Soldiers got tattoos to show their devotion to their units (and tolerance for pain); now the rallying cry for body art is "self-expression."

Yeah, because devotion to the government is soooo much better than self-expression. Oh no! That dude is thinking for himself! Draft him now!


Equally mystifying to me is the insistence women have for placing tattoos in out-of-the-way places. ... All the women I know with tattoos place it somewhere that only extremely low-cut attire can reveal. In essence, they get tattoos that no one can see unless they want them to.

Does this dipshit not understand women at all? Did it ever occur to him that perhaps they're getting these tattoos not for him to jerk off over when they are seen by him in the street, but to be sexy with their partner in private? It should be pretty damn obvious — has he never heard of lingerie? Or is he angry that people wear lingerie under their clothes, not on top?


The race is currently on to find the next big piercing spot -- the one that all the rebels around will flock to have perforated. The first big thing was the gender-crossing: men -- straight men -- with earrings! Then we had multiple ear piercings; then nose rings borrowed from the bovine world...

Oh no! Men getting earrings — are they “trannies”? Are they “queers”? Straight men are defiling themselves this way? Oh no! Oh no! Anyway, it's one thing to whine about piercing, but to just fabricate piercing trends and piercing history to make one's case seems a little lame.
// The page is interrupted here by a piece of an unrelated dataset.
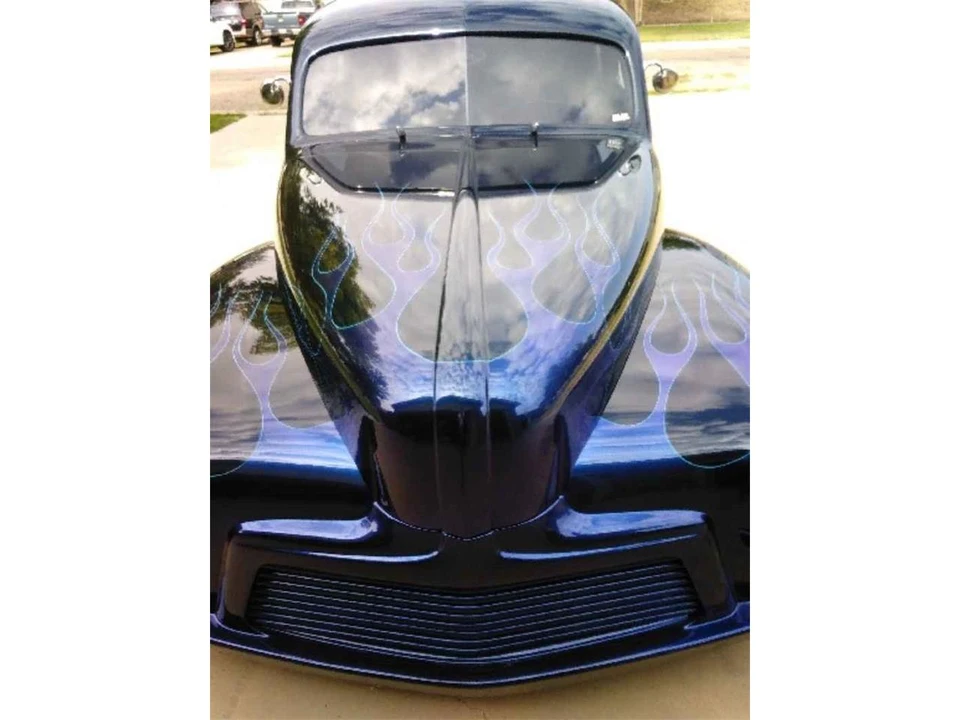 1948 Ford Standard & Deluxe & Super Deluxe - Image 16 of 16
What's wrong with the way God made us?

Ah, the faith-based argument, last bastion of the whining babies. God — if we're to believe the Christian Bible — has no problems with you piercing or tattooing yourself… And if we're to believe the texts of other holy books, the same holds in the vast majority of them. This all, combined with Alex Watson's other whining articles (“there's too much profanity on TV”), leads me to the inevitable conclusion that Alex Watson is simply another prejudiced moron.

And now for something lighter to finish off this update; an email I received this morning:


Subject: did it hurt
From: faye loughrey

Hi shannon my name is faye u sound nice i wondered iwant my belly dun my parents will let me but it is sssssssssssoooooooooo long to wait i av got to wait till 2 weeks before xmas please cud u help
      luv faye

Um… Wouldn't that mean you only have to wait three days?